There's just one exception to this neat division...כַּבֵּד אֶת-אָבִיךָ, וְאֶת-אִמֶּךָ Honor your father and mother... It's on the wrong side!  My father and mother are people like anyone else!  Maybe G!d really only could think of 4 commandments between man and G!d, but for symmetry's sake threw the one about parents on the right side?

No.  We're the one's on the wrong side.  We do not have anything in our personal experience to be able to imagine what Hashem wanted to communicate to us in the Fifth Commandment.  For us to begin to appreciate it, we have to start from the top and see how it builds one on top of the next:

1) "I am Hashem..."  The root of everything is to Know that G!d is an "I" Who is personally interested in our freedom.

2) "You shall have no other gods before Me..."  It's not sufficient to believe in G!d, if we have other things in our life to which we turn to as independent sources of power.  The fact that one has an idol is paradoxical to the true belief in G!d.

3) "Do not take Hashem your G!d's Name in vain..."  It is not sufficient to believe in G!d, even without having any other idols in one's life.  Belief in G!d must filter down to the realization that His Name, the way we speak about Him, and the way we don't speak about Him -- they matter!  Even our consciousness of G!d is Holy.

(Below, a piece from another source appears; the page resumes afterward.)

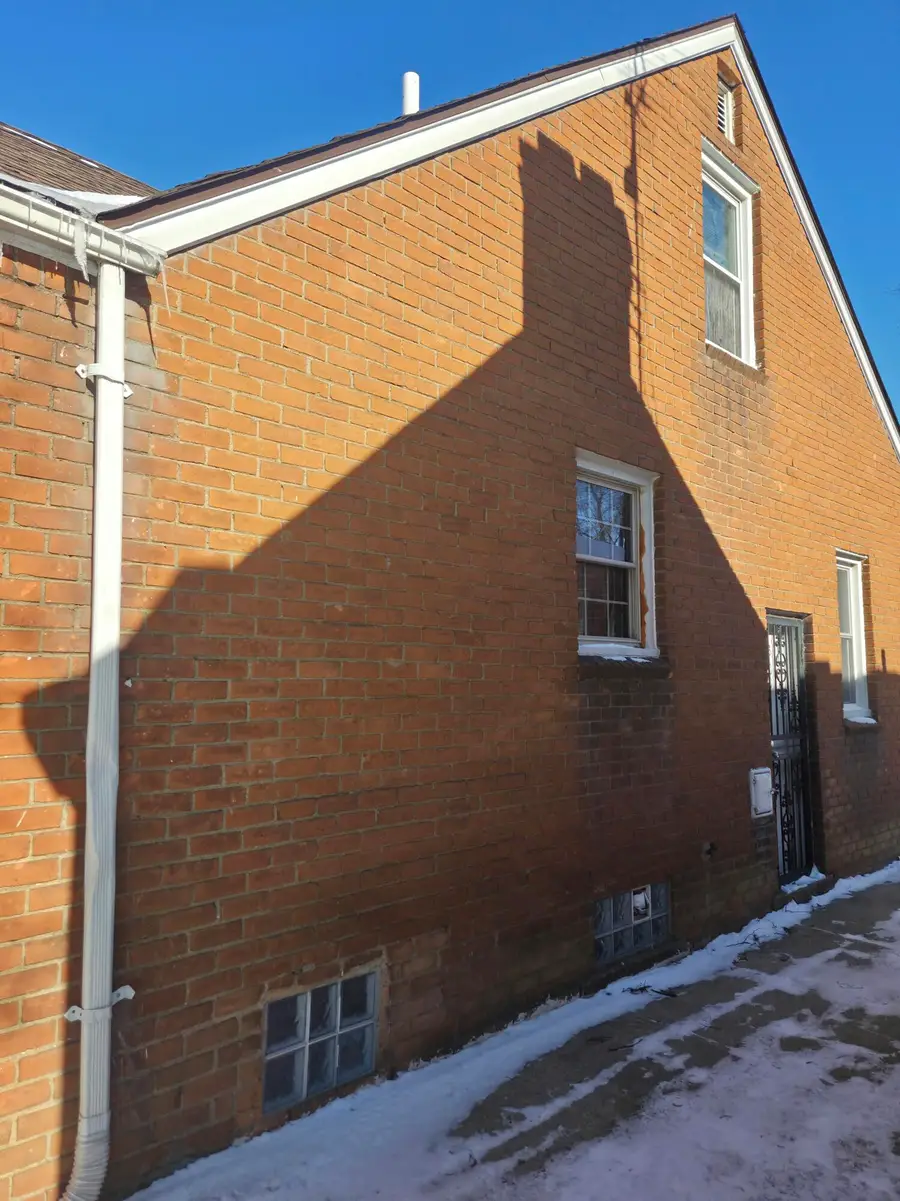 8254 Sussex Street, Detroit, MI 48228 - Image #3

4) "Remember the Shabbat to keep it holy..."  Even if one does all of the above, it is not enough if one does not realize that G!d created the physical world and all of the laws that govern it.  We must realize it and live it.  Not just our though and speech, but our actions have objective meaning.  Whether or not we light a match on any given Saturday matters!  

Lastly, 

5) כַּבֵּד אֶת-אָבִיךָ, וְאֶת-אִמֶּךָ "Honor your father and mother..."

Even if our consciousness of G!d is such that we recognize that He created the physical world, and this awareness even impacts our actions on the seventh day of the week...it is not enough...

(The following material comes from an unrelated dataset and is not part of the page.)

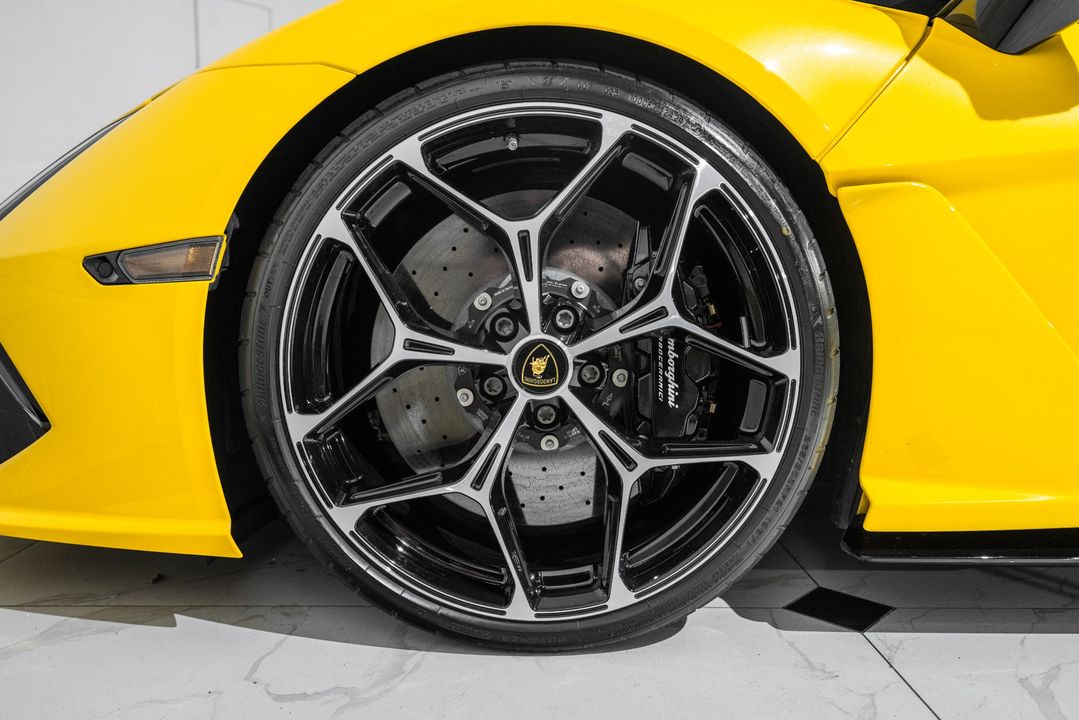 2024 Lamborghini Revuelto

G!d did not only create this world in broad strokes with general rules and left it on autopilot...He created you.

This means that your parents didn't "randomly" cross paths.  On their 1st date -- Hashem was there.  When they got engaged, G!d was there.  Under the chuppa, G!d was there.  Your conception -- with all of the billions of possibilities of combination racing to become you -- G!d was there conducting the symphony!  

You are not a random blob of molecules that happened to come together at the right place and at the right time.  The Almighty saw to it that you would be born to your parents.  Yes, your parents specifically.  As surely as you look the way you look because He made you that way, so too He custom tailored the home that you would be raised in.  Otherwise, why should your parents be any different than anyone else?  You may owe them more honor and respect from common courtesy and gratitude, but not more.  Hashem is telling us that as much as every person bickers with his parents and gives them a hard time, he must accept that the Almighty Himself sent them to be his parents, and him to be their son.  

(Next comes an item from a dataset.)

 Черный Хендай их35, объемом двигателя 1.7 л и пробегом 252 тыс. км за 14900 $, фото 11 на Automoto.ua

The Talmud in Kiddushin expresses this explicitly:

"There are three partners involved in making a person: Hakadosh Baruch Hu (G!d), [the person's] father, and his mother.  When a person gives honor to his father and mother, HKBH says, 'I will consider it as if I lived amongst them and they gave Me honor...' And when a person causes pain to his parents, HKBH says, 'I did well by not living amongst them, for if I did, they would cause Me pain as well.' " (31b).
This is for us as much as lesson in being children as it should be in being parents aware of the cosmically critical role we play for our children, destined to be the ones who teach them how to have a healthy relationship with Hashem.


(This piece is based on the writings of the Maharal in Tiferet Yisrael Ch. 35 and 41.  It is a tremendously deep and powerful concept that requires study and contemplation to begin to appreciate properly and apply in one's life.  Hopefully, it served to whet your palette to look into it further.)